ネットワークの安定運用とトラブルの未然防止には、日常的な監視と定期的な設定見直しが欠かせません。今回ご紹介した「ENETUNREACH(101)」エラーの対策を参考に、まずはご自身のネットワーク構成やルーティング設定を見直すことから始めてみてはいかがでしょうか。もし、より専門的な診断や対策が必要な場合には、信頼できる技術サポートや専門業者への相談も検討してください。システムの安定性は、日々の適切な管理と迅速な対応によって維持されます。私たち情報工学研究所は、こうしたネットワークトラブルの解決に役立つ情報やサポートを提供し、皆さまのシステム運用を支援しています。必要に応じて、専門的なアドバイスや具体的な対応策についてお気軽にお問い合わせください。

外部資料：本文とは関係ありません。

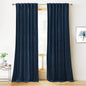 RYB HOME Velvet Curtains 96 inches - Blackout Curtains for Living Room,Thermal Insulated Noise Reducing Panels Luxury Vertical Sense Window Decor for Party Backdrops, Navy Blue, W52 x L96, 2 Panels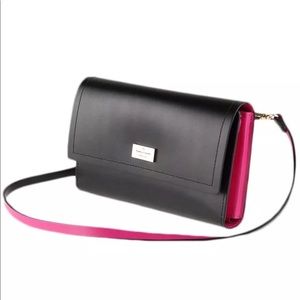 Kate Spade ♠️ Crossbody NEW Black 💗Pink Smooth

ネットワークのトラブル対応においては、正確な情報収集と段階的な調査が重要です。まず、コマンドラインツールを用いた診断結果はあくまで目安であり、結果だけに頼ることなく、物理的な接続やハードウェアの状態も併せて確認する必要があります。また、ルーティングの変更や設定の修正は、他のネットワーク機器やシステム全体に影響を及ぼす可能性があるため、事前に十分な検討とバックアップを行うことが望ましいです。特に、セキュリティポリシーやファイアウォールの設定変更は、ネットワークの安全性を損なわない範囲で行うことが求められます。さらに、ハードウェアの故障や物理的な問題は、専門的な知識を持つ技術者による点検と修理が必要です。これらの作業を行う際には、適切な手順と注意事項を守り、誤った操作や不要な変更を避けることが、トラブルの拡大や再発防止に繋がります。最後に、ネットワークの状態は常に変化するため、定期的な監視と見直しを継続的に行うことが、安定運用の基本となります。これらの注意点を踏まえ、慎重かつ計画的に対応を進めることが、システムの信頼性向上に寄与します。※当社は、細心の注意を払って当社ウェブサイトに情報を掲載しておりますが、この情報の正確性および完全性を保証するものではありません。当社は予告なしに、当社ウェブサイトに掲載されている情報を変更することがあります。当社およびその関連会社は、お客さまが当社ウェブサイトに含まれる情報もしくは内容をご利用されたことで直接・間接的に生じた損失に関し一切責任を負うものではありません。



補足情報


※株式会社情報工学研究所は(以下、当社)は、細心の注意を払って当社ウェブサイトに情報を掲載しておりますが、この情報の正確性および完全性を保証するものではありません。当社は予告なしに、当社ウェブサイトに掲載されている情報を変更することがあります。当社およびその関連会社は、お客さまが当社ウェブサイトに含まれる情報もしくは内容をご利用されたことで直接・間接的に生じた損失に関し一切責任を負うものではありません。